Limitations: The quality, heterogeneity and extent of routine emergency department data collection during the study period limited the conclusions. Recruitment was limited by criteria for case sites (time series requirements) and individual patients (with 'marker conditions'). Pandemic and other pressures limited data collection for marker condition analysis. Data collected and analysed were pre pandemic; new approaches such as 'telephone first' and their relevance to our findings remains unexplored.
Conclusion: Findings suggest that general practitioner-emergency department service models do not meet the aim of reducing the overall emergency department waiting times and improving patient flow with limited evidence of cost savings. Qualitative data indicated that general practitioners were often valued as members of the wider emergency department team. We have developed a toolkit, based on our findings, to provide guidance for implementing and delivering general practitioner-emergency department services.

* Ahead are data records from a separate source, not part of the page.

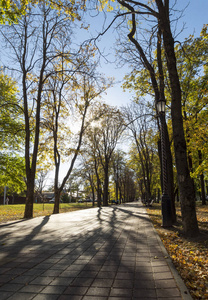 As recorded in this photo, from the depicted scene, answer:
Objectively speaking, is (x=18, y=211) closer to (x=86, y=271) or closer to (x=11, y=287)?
(x=86, y=271)

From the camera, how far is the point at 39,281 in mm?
3293

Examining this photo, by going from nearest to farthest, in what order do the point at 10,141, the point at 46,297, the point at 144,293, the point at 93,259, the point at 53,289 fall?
the point at 46,297, the point at 144,293, the point at 53,289, the point at 93,259, the point at 10,141

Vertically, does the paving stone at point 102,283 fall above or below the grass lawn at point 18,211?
above

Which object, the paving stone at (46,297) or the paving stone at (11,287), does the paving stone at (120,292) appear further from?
the paving stone at (11,287)

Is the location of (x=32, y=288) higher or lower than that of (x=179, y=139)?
lower

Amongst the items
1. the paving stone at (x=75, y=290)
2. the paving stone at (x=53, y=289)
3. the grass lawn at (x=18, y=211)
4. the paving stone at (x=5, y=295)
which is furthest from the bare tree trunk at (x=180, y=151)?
the grass lawn at (x=18, y=211)

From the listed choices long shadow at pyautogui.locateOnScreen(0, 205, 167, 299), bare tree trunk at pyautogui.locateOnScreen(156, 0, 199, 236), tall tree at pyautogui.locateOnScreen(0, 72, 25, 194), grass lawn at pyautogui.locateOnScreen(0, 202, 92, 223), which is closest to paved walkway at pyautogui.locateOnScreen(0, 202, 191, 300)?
long shadow at pyautogui.locateOnScreen(0, 205, 167, 299)

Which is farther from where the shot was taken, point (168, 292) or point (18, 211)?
point (18, 211)

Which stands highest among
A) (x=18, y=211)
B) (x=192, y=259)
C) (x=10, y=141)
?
(x=10, y=141)

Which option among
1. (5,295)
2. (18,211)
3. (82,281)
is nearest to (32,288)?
(5,295)

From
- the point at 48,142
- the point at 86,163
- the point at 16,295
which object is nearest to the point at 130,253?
the point at 16,295

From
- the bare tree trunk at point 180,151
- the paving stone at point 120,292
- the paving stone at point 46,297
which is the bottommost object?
the paving stone at point 120,292

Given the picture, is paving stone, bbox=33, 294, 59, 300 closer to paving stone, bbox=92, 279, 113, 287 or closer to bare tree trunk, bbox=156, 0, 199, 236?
paving stone, bbox=92, 279, 113, 287

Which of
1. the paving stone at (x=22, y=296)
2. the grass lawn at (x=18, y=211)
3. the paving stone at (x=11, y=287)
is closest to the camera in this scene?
the paving stone at (x=22, y=296) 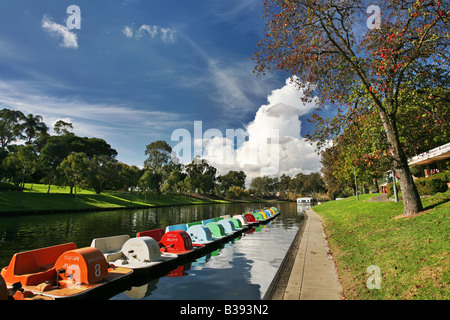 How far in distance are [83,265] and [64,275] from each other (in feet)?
2.64

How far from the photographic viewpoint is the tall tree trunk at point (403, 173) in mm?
14210

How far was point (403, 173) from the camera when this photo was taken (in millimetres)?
14836

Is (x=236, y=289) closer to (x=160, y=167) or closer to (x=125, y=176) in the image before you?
(x=125, y=176)

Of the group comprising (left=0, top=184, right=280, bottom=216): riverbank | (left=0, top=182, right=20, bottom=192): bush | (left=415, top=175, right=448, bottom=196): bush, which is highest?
(left=0, top=182, right=20, bottom=192): bush

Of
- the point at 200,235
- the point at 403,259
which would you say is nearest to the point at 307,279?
the point at 403,259

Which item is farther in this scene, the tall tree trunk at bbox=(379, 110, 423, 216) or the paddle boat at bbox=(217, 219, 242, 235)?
the paddle boat at bbox=(217, 219, 242, 235)

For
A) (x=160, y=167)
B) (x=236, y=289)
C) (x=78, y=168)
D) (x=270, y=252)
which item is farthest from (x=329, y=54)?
(x=160, y=167)

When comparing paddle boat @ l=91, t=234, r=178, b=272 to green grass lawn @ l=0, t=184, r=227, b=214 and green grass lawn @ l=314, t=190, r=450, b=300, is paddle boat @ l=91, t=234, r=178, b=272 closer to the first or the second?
green grass lawn @ l=314, t=190, r=450, b=300

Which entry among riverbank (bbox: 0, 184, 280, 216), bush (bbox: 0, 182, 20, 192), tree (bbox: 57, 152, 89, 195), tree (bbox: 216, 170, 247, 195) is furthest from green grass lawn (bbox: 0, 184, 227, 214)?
tree (bbox: 216, 170, 247, 195)

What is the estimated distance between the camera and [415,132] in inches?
707

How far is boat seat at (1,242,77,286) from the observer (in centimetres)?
880

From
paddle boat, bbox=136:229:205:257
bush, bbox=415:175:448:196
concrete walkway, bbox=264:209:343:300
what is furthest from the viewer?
bush, bbox=415:175:448:196

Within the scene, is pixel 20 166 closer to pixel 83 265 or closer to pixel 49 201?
pixel 49 201
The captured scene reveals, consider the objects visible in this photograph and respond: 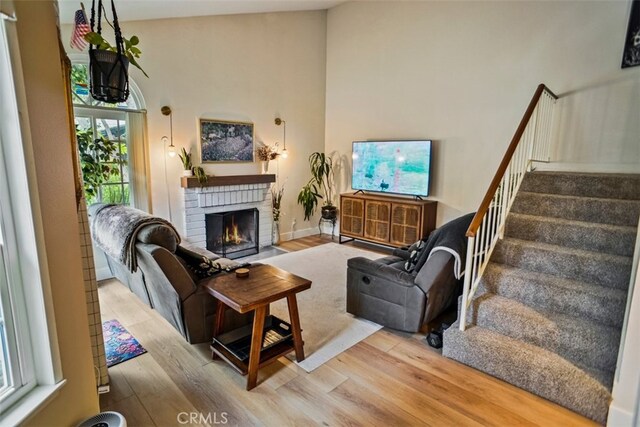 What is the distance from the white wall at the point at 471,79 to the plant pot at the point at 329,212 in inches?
19.1

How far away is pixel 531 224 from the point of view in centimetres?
311

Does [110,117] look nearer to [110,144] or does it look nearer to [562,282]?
[110,144]

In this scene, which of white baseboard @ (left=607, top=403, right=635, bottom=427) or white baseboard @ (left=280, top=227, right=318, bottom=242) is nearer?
white baseboard @ (left=607, top=403, right=635, bottom=427)

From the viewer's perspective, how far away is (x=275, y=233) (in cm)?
595

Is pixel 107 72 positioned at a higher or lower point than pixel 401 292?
higher

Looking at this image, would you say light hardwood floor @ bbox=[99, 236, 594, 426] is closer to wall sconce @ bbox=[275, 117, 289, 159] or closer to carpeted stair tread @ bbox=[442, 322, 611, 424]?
carpeted stair tread @ bbox=[442, 322, 611, 424]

Future work: The emergency care data set has since been introduced across England to help standardise data collection to facilitate further research. We would advocate the systematic capture of patient experience measures and patient-reported outcome measures as part of routine care. More could be done to support the development of the general practitioner in emergency department role, including a core set of competencies and governance structure, to reflect the different general practitioner-emergency department models and to evaluate the effectiveness and cost effectiveness to guide future policy.
Study registration: This study is registered as PROSPERO CRD42017069741.
Funding: This award was funded by the National Institute for Health and Care Research (NIHR) Health and Social Care Delivery Research programme (NIHR award ref: 15/145/04) and is published in full in Health and Social Care Delivery Research; Vol. 12, No. 10. See the NIHR Funding and Awards website for further award information.